'''

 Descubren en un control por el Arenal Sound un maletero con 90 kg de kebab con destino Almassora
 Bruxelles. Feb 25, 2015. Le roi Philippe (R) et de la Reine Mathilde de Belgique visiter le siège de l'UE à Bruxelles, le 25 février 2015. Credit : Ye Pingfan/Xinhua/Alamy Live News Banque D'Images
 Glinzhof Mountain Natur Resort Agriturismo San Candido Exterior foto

'''
'''

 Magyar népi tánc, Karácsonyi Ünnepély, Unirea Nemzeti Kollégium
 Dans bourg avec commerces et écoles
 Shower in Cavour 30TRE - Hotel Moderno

'''

| WHAT THE EXERCISE ASKS |
Given the records above, return exactly the lines starting at the line containing "Descubren en un" and ending at the line containing "Glinzhof Mountain Natur", including both.

| REPLY TO THE EXERCISE |
 Descubren en un control por el Arenal Sound un maletero con 90 kg de kebab con destino Almassora
 Bruxelles. Feb 25, 2015. Le roi Philippe (R) et de la Reine Mathilde de Belgique visiter le siège de l'UE à Bruxelles, le 25 février 2015. Credit : Ye Pingfan/Xinhua/Alamy Live News Banque D'Images
 Glinzhof Mountain Natur Resort Agriturismo San Candido Exterior foto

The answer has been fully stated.